Psychology plays a part in victories on the field
Published 8:11 pm Wednesday, November 26, 2008
FRANKLIN—Yogi Berra supposedly once said, “Baseball is 90 percent mental — the other half is physical.” Yogi may not be too good at math, but he does have a point. Psychology, and how a team prepares for a game, is as important as the physical aspect of the contest.
There are entire books dedicated to the discussion about how the mind effects performance on the field or the court — why players such as Tiger Woods, Michael Jordan and Wayne Gretzky always seem to have an edge, and why some don’t live up to expectations.
Dr. Sandy Dupcak, a clinical sports psychologist with Mental Edge, just outside of Boston, works with athletes from middle school all the way up to the pro ranks. She said Franklin High School’s comeback win over Colonial Beach last Saturday was tough, even in the best of situations. The Broncos trailed Colonial Beach, a team they had lost three straight games to, 14-0 in the first quarter. It appeared the Drifters might just roll over Franklin. Colonial Beach did not score the rest of the game. Franklin head coach Darren Parker said the team made some adjustments at halftime and the team turned the game around.
“Wouldn’t you have loved to be a fly on the wall?,” Dupcak said. “Clearly it’s very difficult in the best of circumstances to come from behind. It is challenging. There’s something that’s externally motivating them to play up, basically uniting the team behind a common goal.”
Part of that external motivation is what Parker said Monday night, and in a previous edition of The Tidewater News. The Broncos have been motivated in a spiritual way by the loss of former teammate Josh Willis, former assistant coach Dr. Charles Green and Carl Harris, a player who was injured and is out for the season. Also Monday, Parker mentioned the abrupt end to the season as a motivator.
Dupcak said, psychologically, the loss of a teammate (or coach) can be a huge motivating factor.
“It can purely be a matter of motivation, something very meaningful that they are working toward,” she said. “Using the death of the two significant people and doing something in honor of the injured player, those can be very motivating. All other factors equal, that can be the edge to play above their normality. They can ‘play up,’ as they say.”

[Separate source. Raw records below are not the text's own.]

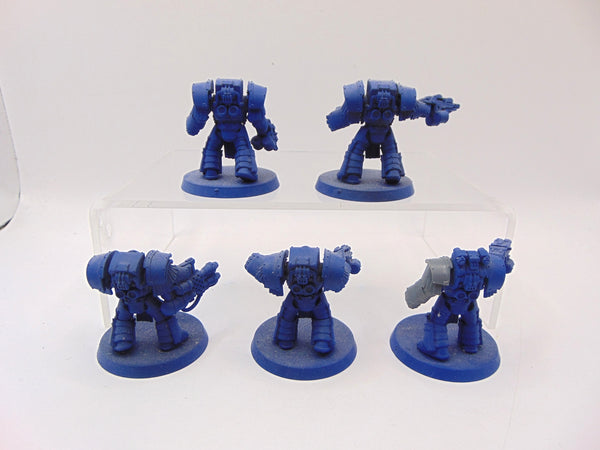 Cataphractii Terminator Squad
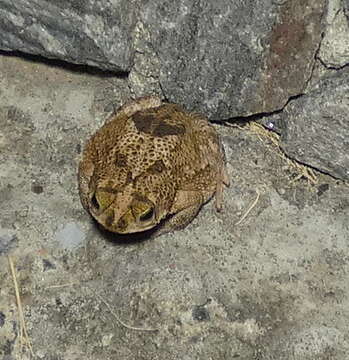 Image of Common Lesser Toad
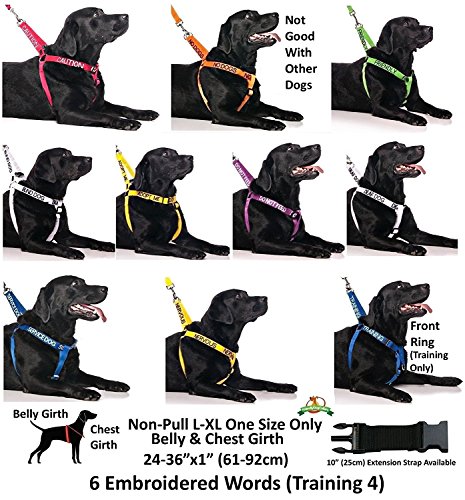 Collar de perro ciego (perro tiene limitado/sin vista) color blanco codificado ancho L-XXL Semi-Check previene accidentes advirtiendo a otros de tu perro por adelantado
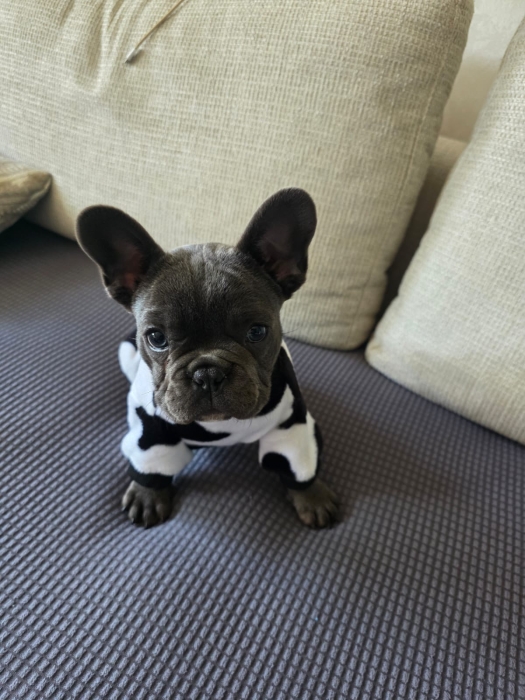 Bulldog français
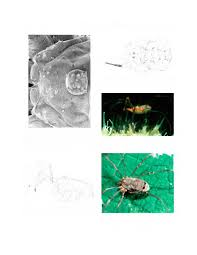 Attēlu rezultāti vaicājumam “Lophopilio palpinalis”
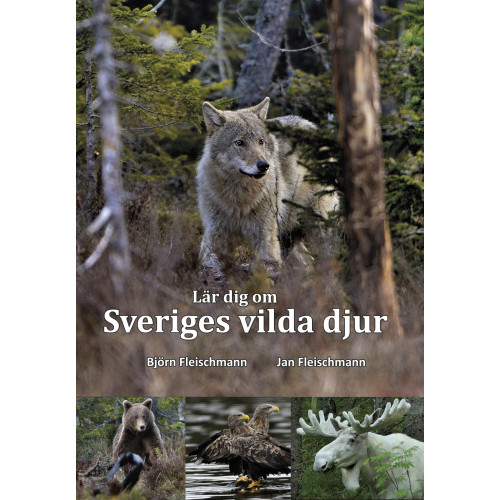 Björn Fleischmann Lär dig om Sveriges vilda djur (häftad)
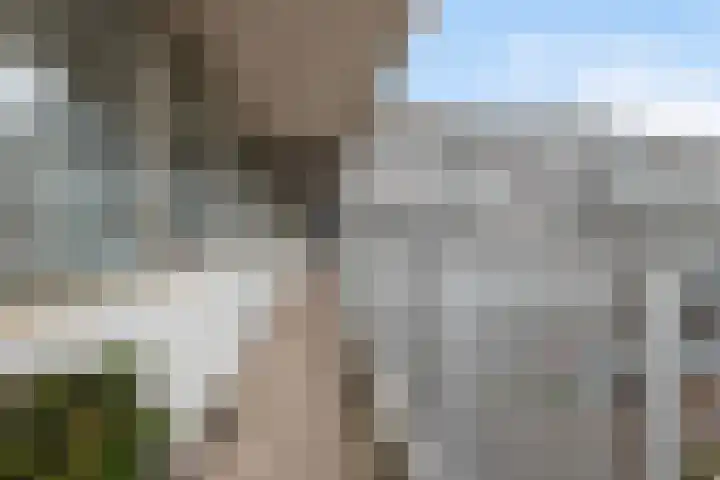 Anatole Franceplaats 392 Rotterdam thumbnail 7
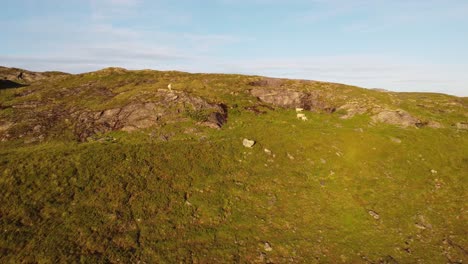 Sheep-standing-in-hillside-at-Vikafjellet-mountain-during-summer-sunset-before-sheep-herding-season---Golden-light-before-sun-setting---Aerial-moving-slowly-towards-sheep-with-blue-sky-background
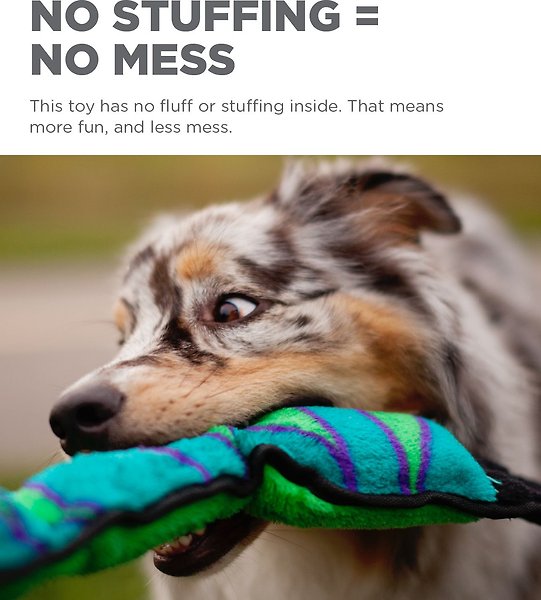 Show full view: Outward Hound Invincibles Snakes Squeaky Stuffing-Free Plush Dog Toy, 6-Squeak, Color Varies slide 3 of 6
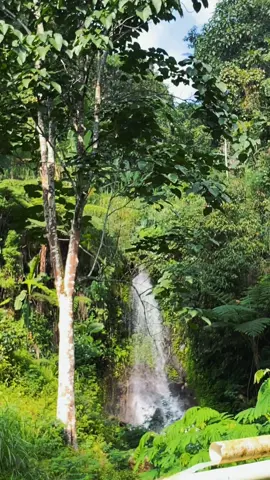 ☘️ #kuninganjawabarat #fyppppppppppppppppppppppp 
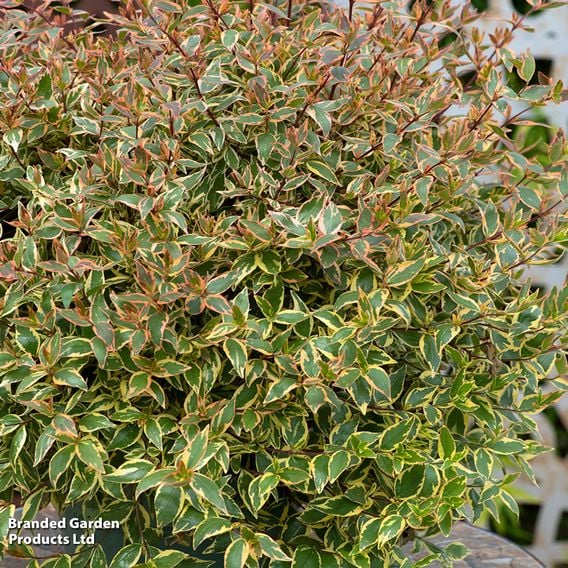 Abelia x grandiflora 'Tricolour Charm'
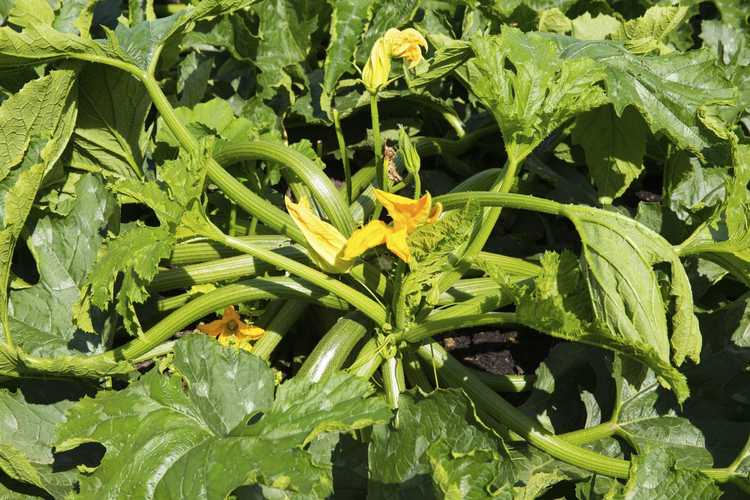 You are currently viewing Plants de courgettes souples : pourquoi un plant de courgettes tombe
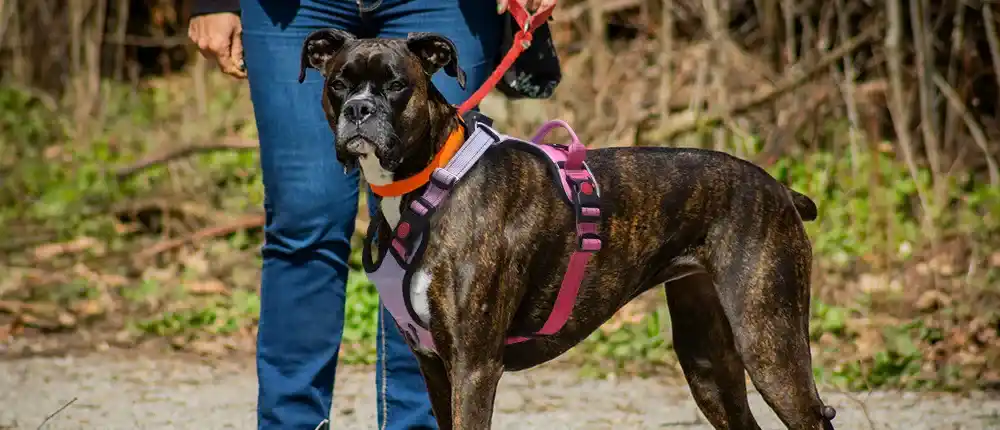 train-led-dog-harness-1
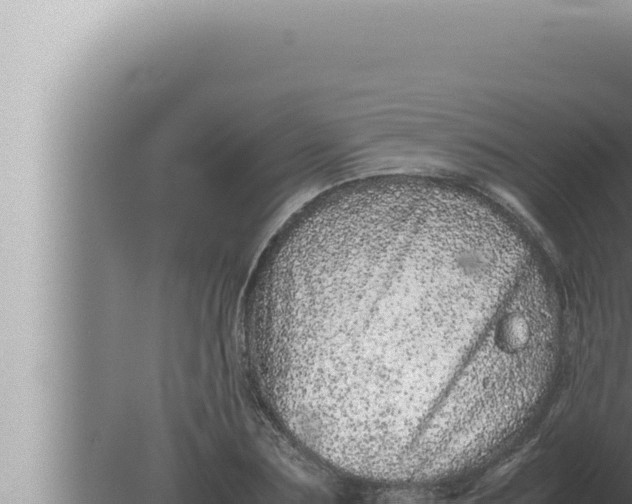 X0000080110883200612221802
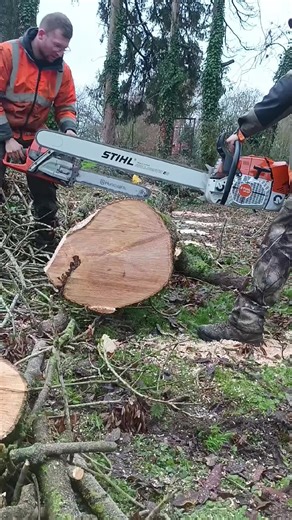Chainsaw Comparison: MS881 vs 592XP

In its two-game playoff run, Franklin has defeated two teams — Colonial Beach and Sussex Central — that it lost to during the regular season.
While sometimes losses can be a negative factor, Dupcak said that a loss can also be a huge motivator. She mentioned the New England Patriots’ recent win over the Miami Dolphins after the Dolphins beat the Patriots earlier in the season.
“It can happen quite frequently from the NFL to high school football. Oftentimes a loss in itself can be motivation. In fact, coaches and captains can capitalize on that loss and make it motivational in keeping the team focused on a particular goal,” she said.
The first time Franklin and Colonial Beach played, the Drifters scored on the last play of the game to win. During the final drive of Saturday’s game, Colonial Beach was able to move the ball downfield rapidly and move into scoring position. A Franklin player yelled from the sideline something to the effect that “this was not going to happen twice.” Whether anyone heard him or not, the Broncos defense stiffened up and preserved the win.
This week’s extra motivation for Franklin: the abrupt end of the season and the last game for the seniors if they lose.
“If you lose you go home, for a year,” Parker emphasized.